## Data supplied
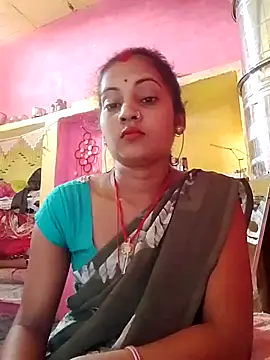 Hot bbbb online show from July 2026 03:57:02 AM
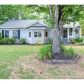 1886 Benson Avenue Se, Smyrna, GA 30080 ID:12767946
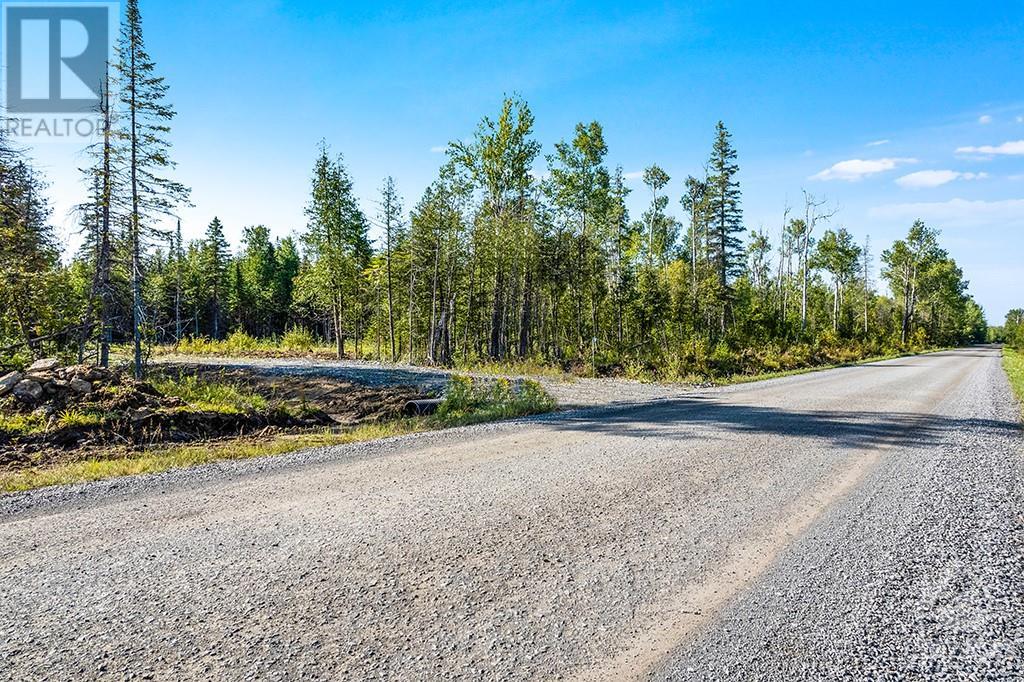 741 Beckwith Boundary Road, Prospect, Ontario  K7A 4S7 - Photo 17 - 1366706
==
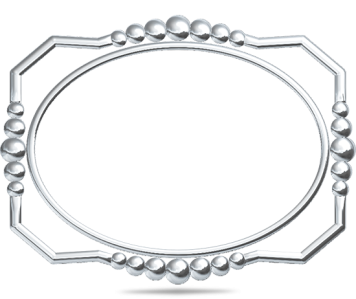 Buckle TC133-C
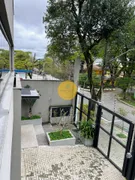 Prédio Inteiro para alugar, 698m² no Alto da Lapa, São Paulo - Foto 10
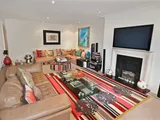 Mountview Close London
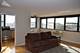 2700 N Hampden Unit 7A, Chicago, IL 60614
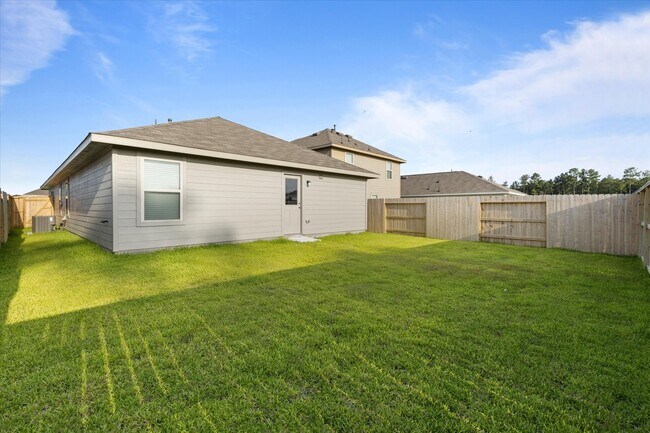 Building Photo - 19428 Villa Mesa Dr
--
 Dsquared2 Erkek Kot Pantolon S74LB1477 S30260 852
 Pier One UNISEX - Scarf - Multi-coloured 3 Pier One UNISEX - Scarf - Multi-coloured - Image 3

## Task details
Begin at the line above that has "Dsquared2 Erkek Kot" and stop after the line that has "Pier One UNISEX - Scarf - Multi-coloured 3", copying each line exactly and adding nothing else.

## Answer to the problem
 Dsquared2 Erkek Kot Pantolon S74LB1477 S30260 852
 Pier One UNISEX - Scarf - Multi-coloured 3 Pier One UNISEX - Scarf - Multi-coloured - Image 3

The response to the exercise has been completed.